## Provided material
○ ○ ○ ○
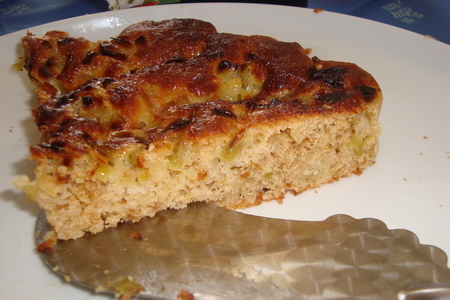 Фото к рецепту: Пирог «оптима» с ревенем (рабарбаром)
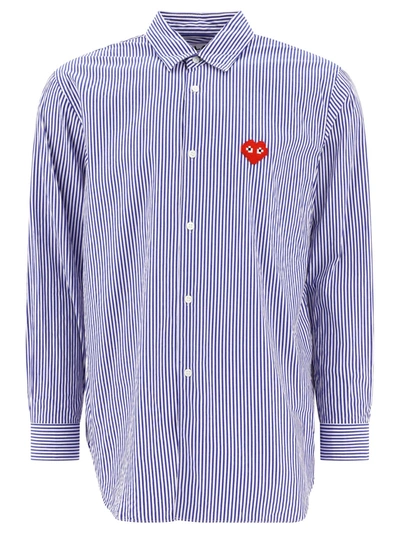 Comme Des Garçons Play Shirt Comme Des Garcons Play Men Color Blue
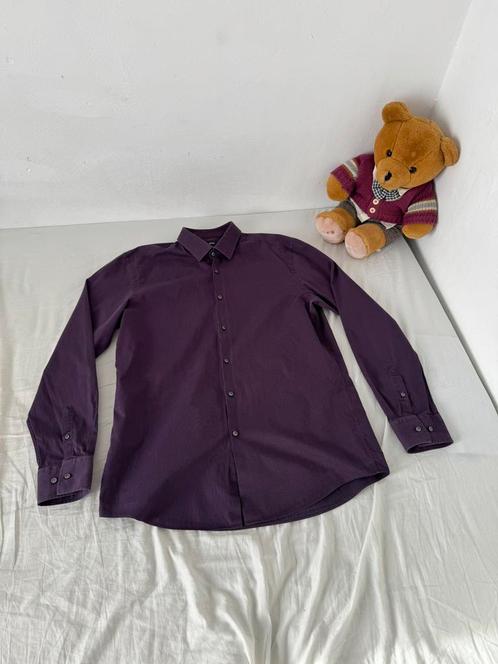 Hugo Boss overhemd, Kleding | Heren, Overhemden, Gedragen, Halswijdte 39/40 (M), Rood, Ophalen of Verzenden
○ ○ ○ ○
## What you should do
Print only the lines from the one with "Comme Des Garçons" through the last line of the data above, exactly and with both ends, and please omit any pictures.

## Task solution
 Comme Des Garçons Play Shirt Comme Des Garcons Play Men Color Blue
 Hugo Boss overhemd, Kleding | Heren, Overhemden, Gedragen, Halswijdte 39/40 (M), Rood, Ophalen of Verzenden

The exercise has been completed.